ABOUT THIS EXERCISE
Go through the entries, filter for the word "Obraz", and copy every line that has it.

RECORD SET
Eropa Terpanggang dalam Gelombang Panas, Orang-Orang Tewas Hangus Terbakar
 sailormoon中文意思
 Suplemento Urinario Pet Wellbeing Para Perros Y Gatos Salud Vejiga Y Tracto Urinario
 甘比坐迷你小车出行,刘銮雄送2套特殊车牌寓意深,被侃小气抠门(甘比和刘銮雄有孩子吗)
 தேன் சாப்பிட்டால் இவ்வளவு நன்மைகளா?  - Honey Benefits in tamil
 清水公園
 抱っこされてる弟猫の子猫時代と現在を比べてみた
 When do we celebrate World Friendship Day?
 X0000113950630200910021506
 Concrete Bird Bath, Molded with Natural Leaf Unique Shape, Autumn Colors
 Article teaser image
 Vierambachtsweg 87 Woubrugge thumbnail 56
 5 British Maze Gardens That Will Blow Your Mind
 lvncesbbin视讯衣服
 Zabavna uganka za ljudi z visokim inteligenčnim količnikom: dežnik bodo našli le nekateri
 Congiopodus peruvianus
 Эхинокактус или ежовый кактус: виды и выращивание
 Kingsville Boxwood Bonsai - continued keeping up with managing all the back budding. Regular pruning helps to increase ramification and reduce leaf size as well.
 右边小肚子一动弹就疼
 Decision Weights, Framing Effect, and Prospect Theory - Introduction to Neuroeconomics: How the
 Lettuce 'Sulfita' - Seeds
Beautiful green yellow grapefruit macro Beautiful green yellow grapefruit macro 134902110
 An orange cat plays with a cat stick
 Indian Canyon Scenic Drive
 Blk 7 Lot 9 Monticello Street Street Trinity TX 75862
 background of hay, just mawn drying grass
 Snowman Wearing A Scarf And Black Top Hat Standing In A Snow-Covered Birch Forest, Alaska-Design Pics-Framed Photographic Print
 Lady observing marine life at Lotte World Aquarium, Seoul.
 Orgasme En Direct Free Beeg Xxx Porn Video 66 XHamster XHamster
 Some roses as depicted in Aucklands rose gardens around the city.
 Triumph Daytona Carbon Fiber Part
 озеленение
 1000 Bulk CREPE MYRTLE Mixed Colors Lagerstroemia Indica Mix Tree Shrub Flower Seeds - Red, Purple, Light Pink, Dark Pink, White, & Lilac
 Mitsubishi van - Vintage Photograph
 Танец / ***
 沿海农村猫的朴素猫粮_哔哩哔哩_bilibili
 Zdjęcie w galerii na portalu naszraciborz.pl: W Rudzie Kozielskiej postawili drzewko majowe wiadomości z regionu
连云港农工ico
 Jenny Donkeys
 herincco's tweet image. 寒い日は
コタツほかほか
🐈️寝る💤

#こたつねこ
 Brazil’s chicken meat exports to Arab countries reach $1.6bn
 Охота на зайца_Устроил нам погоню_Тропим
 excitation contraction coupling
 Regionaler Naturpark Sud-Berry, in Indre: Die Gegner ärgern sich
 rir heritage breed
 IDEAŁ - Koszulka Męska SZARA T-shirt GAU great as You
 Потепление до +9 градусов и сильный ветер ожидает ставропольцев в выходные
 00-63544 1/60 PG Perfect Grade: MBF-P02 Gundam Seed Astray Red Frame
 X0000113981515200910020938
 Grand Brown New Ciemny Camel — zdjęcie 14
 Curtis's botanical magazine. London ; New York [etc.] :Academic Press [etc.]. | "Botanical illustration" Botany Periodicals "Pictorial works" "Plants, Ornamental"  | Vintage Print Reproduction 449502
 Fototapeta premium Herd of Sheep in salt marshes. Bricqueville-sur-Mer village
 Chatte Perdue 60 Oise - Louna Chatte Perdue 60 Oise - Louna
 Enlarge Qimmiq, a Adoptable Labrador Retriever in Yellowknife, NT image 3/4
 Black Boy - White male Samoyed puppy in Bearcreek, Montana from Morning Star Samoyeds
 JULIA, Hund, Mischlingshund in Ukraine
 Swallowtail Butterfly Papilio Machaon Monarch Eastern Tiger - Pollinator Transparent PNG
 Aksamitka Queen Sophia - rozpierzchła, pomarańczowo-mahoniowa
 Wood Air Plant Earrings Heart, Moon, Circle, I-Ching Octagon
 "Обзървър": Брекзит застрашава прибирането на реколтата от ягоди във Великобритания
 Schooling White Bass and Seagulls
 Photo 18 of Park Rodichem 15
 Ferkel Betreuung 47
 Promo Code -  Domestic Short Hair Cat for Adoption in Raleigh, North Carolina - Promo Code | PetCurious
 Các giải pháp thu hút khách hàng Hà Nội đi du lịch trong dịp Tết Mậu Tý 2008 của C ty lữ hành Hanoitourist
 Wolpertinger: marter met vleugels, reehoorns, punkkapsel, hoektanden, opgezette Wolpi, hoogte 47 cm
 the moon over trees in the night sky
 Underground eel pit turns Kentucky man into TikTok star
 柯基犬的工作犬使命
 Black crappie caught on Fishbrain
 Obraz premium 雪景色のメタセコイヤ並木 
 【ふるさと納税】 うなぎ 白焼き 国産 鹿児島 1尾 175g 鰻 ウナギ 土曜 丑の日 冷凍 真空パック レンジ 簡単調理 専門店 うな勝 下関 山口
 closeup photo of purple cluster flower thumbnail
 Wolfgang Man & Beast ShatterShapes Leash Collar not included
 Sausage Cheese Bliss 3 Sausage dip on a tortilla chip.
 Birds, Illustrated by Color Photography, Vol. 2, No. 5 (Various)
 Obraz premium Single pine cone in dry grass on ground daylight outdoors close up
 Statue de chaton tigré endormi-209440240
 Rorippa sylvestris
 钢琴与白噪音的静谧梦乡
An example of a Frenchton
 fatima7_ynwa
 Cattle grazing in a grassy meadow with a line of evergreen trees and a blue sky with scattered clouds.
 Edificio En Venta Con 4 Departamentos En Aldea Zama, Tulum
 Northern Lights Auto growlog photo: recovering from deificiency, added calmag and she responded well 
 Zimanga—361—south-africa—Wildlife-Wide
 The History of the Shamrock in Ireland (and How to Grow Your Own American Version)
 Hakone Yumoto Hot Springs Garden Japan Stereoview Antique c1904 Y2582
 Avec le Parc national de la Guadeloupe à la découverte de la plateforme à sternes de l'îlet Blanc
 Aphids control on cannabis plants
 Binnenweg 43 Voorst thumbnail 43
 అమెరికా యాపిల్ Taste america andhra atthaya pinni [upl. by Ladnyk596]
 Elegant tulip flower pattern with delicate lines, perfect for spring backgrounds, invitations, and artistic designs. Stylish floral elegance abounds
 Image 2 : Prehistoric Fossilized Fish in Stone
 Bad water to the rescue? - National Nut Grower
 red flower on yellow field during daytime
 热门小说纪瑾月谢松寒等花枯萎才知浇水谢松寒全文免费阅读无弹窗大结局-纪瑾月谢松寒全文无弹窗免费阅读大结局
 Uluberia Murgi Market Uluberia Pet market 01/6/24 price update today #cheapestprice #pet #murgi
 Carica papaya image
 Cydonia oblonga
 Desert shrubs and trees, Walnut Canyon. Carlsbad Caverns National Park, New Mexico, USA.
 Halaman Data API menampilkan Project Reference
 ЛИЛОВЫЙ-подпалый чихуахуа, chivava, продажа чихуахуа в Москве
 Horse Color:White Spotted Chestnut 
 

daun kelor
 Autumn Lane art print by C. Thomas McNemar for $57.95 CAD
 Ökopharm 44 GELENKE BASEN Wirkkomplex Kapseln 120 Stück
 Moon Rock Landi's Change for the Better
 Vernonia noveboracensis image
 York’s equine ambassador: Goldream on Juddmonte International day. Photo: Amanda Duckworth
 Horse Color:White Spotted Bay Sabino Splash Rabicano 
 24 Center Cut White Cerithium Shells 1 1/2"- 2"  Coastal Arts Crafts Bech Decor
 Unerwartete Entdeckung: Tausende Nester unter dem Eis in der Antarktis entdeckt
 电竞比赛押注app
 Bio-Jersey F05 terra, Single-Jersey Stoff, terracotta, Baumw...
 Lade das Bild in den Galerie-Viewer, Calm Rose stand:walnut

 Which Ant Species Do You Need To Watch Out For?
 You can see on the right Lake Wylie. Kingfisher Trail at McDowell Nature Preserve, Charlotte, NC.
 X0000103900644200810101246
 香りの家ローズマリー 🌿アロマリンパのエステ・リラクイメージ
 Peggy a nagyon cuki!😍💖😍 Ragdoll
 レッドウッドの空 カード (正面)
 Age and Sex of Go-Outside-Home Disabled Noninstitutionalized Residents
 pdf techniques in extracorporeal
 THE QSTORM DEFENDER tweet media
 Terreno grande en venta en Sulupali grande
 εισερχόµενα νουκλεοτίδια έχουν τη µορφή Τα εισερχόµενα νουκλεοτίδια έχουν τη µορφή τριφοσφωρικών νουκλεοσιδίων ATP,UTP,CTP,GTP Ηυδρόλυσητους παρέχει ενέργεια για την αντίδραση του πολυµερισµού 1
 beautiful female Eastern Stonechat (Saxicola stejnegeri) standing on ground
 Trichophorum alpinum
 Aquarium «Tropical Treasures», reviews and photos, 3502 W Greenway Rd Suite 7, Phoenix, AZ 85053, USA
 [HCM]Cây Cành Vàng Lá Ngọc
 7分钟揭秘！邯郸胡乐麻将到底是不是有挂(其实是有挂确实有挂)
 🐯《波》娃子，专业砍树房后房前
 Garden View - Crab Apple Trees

EXPECTED ANSWER
 Obraz premium 雪景色のメタセコイヤ並木 
 Obraz premium Single pine cone in dry grass on ground daylight outdoors close up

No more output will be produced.